> [Work order] Copy out the data in full and exactly, passing over the pictures.

> [The data]

* * *

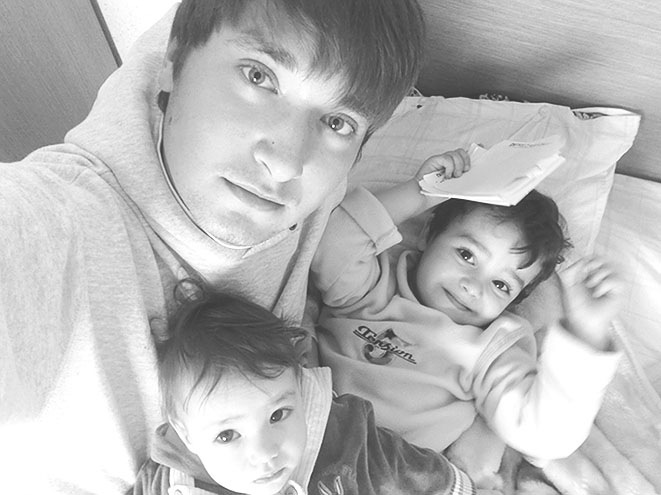 Рустам Иващенко фотография #31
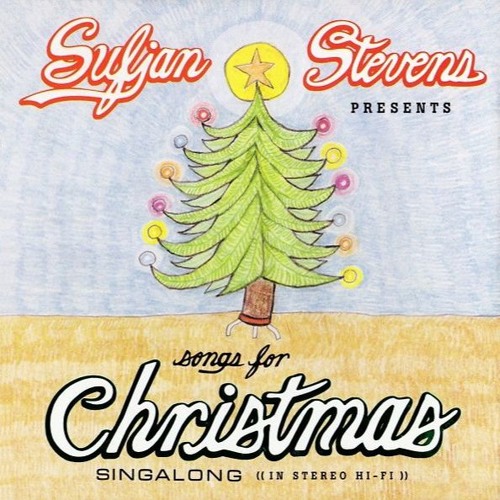 Sufjan Stevens - Only At Christmas Time (Sebastian Morgentau Re - Edit 2018 FREE DOWNLOAD)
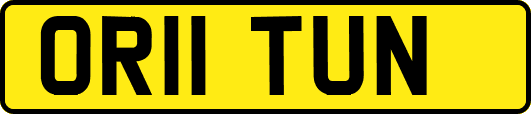 OR11TUN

* * *

> [Answer below]
 Рустам Иващенко фотография #31
 Sufjan Stevens - Only At Christmas Time (Sebastian Morgentau Re - Edit 2018 FREE DOWNLOAD)
 OR11TUN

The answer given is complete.